Bastion

A self-hosted, safe terminal environment for AI agents and automation tools.

Run commands, manage files, and execute code in a controlled sandboxed environment without risking your host machine, accessible via a simple REST + WebSocket API.

Why Bastion?

AI models can write scripts and automate workflows, but running them directly on your system is risky. Bastion solves this by providing:

• Sandboxed execution - containers isolate AI processes from your host.

• Policy enforcement - define allowed commands, file access, and network usage.

• Resource controls - limit CPU, memory, and execution time.

• Live streaming - watch stdout/stderr in real-time.

• Scoped file management - safely upload, download, and organize files.

• Audit logging - keep detailed execution history for debugging and reproducibility.

Bastion is self-contained, lightweight, and designed to plug into AI workflows seamlessly.

How It Runs

Sandboxed

• Each session runs in its own ephemeral Docker container.

• CPU, memory, and network can be limited per session.

• Comes pre-installed with Python, Node.js, git, build tools, data libraries, ffmpeg, and other common utilities.

• Ideal for running AI agents safely without affecting the host system.

Bare-Metal

• Runs directly on your machine.

• Full access to system files and installed tools.

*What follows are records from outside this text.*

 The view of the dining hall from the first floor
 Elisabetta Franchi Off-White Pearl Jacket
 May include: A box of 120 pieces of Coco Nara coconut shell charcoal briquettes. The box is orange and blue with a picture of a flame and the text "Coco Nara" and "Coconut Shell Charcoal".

• Suitable for personal automation, local development, or giving an AI full project access.

• Explicit warnings are shown before execution for safety.
  

Integrating With AI Agents

Bastion is designed to be API-first. AI agents can:

• Run commands via POST /execute

• Stream output over /ws/{session_id}

• Upload/download files in /workspace

• Validate commands before execution with the policy simulation endpoint

Integration can be direct (AI talks to your Bastion instance) or proxied (through a central server for multi-user setups).